It often starts with something small. Your mum forgets where she put her keys. Your dad asks the same question three times in one afternoon. Then comes the diagnosis — dementia — and suddenly a wave of practical worries crashes in alongside the emotional ones. Who will manage their finances? Who will make decisions about their care if they can't?

If you're reading this, chances are someone you love has been diagnosed with dementia, and you're wondering whether it's too late to set up a Lasting Power of Attorney. The honest answer is: it depends. It depends on something very specific — whether your parent still has what the law calls "mental capacity."
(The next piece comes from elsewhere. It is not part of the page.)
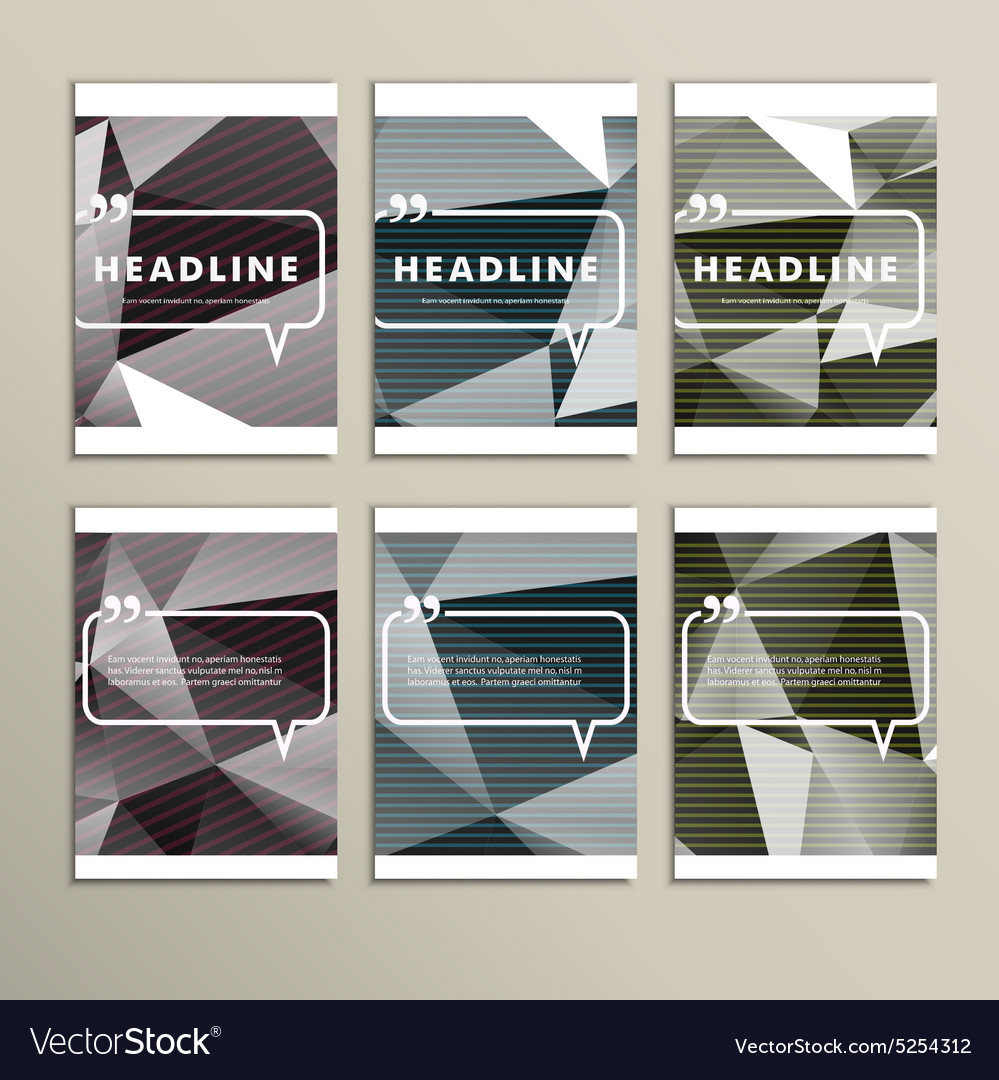 Set of brochures for design in abstract style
This guide will walk you through what that means, what your options are, and what happens if the window has already closed. We'll be straightforward with you, because you deserve clarity at a time when everything feels uncertain.
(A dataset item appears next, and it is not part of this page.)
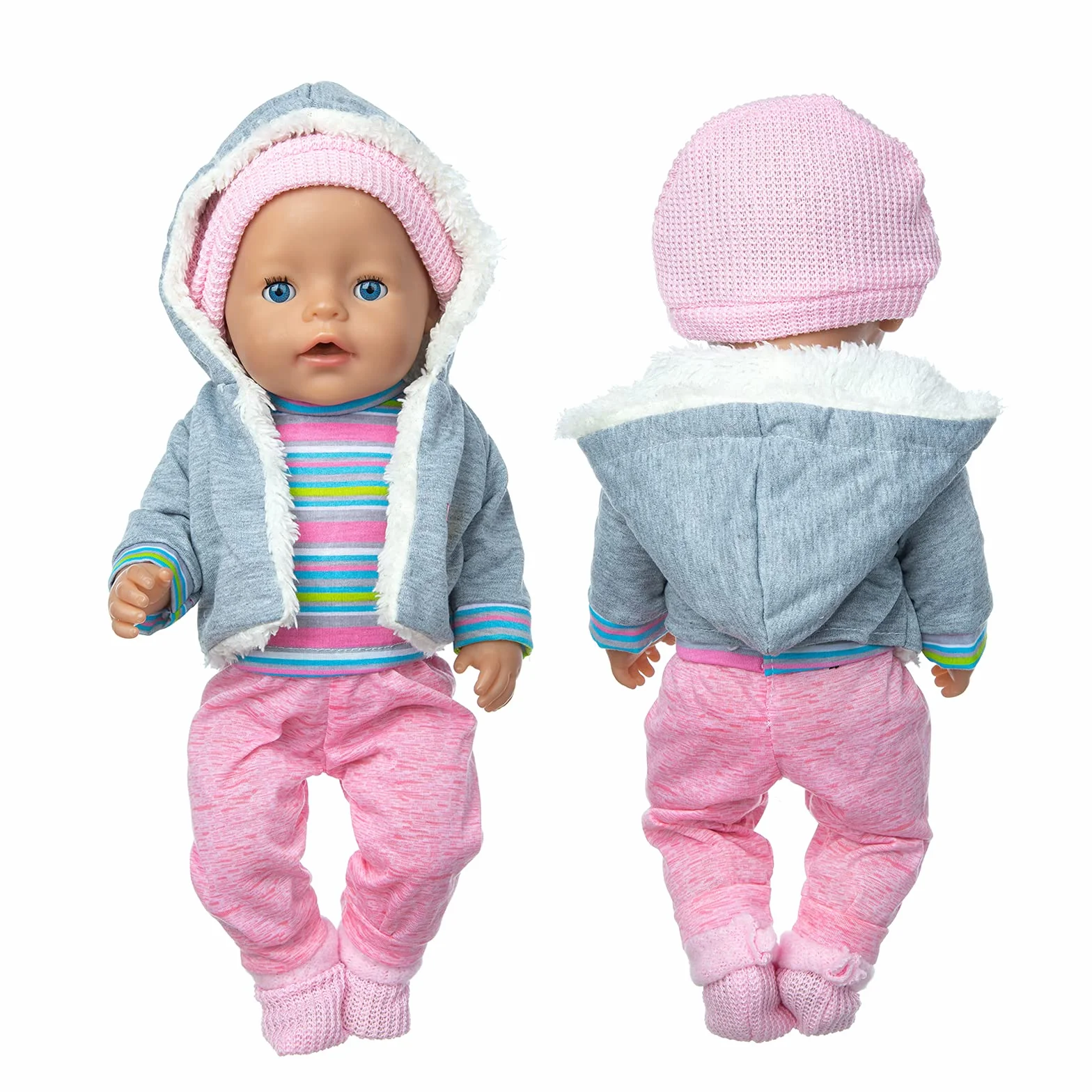 Ubrania lalki 36-43 cm New Born Baby lalki, w tym koszula, płaszcz, kapelusz, skarpetki (bez lalki)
What Is Mental Capacity, and Why Does It Matter?

A Lasting Power of Attorney (LPA) is a legal document. To create one, your parent must be able to understand what they're signing and why. This isn't about whether they can recite the date or name the Prime Minister. It's about whether they can grasp the nature and consequences of the LPA itself.

The legal framework comes from the Mental Capacity Act 2005, which governs how capacity is assessed in England and Wales. The Act establishes two crucial principles that work in your parent's favour:

  • A person is assumed to have capacity unless it is established otherwise. A dementia diagnosis alone does not automatically mean someone lacks capacity. The starting point is always that your parent can make their own decisions.
  • A person must be given all practicable help to make a decision before being treated as unable to do so. This means choosing the right time of day, using clear language, and giving your parent the support they need to understand what's being discussed.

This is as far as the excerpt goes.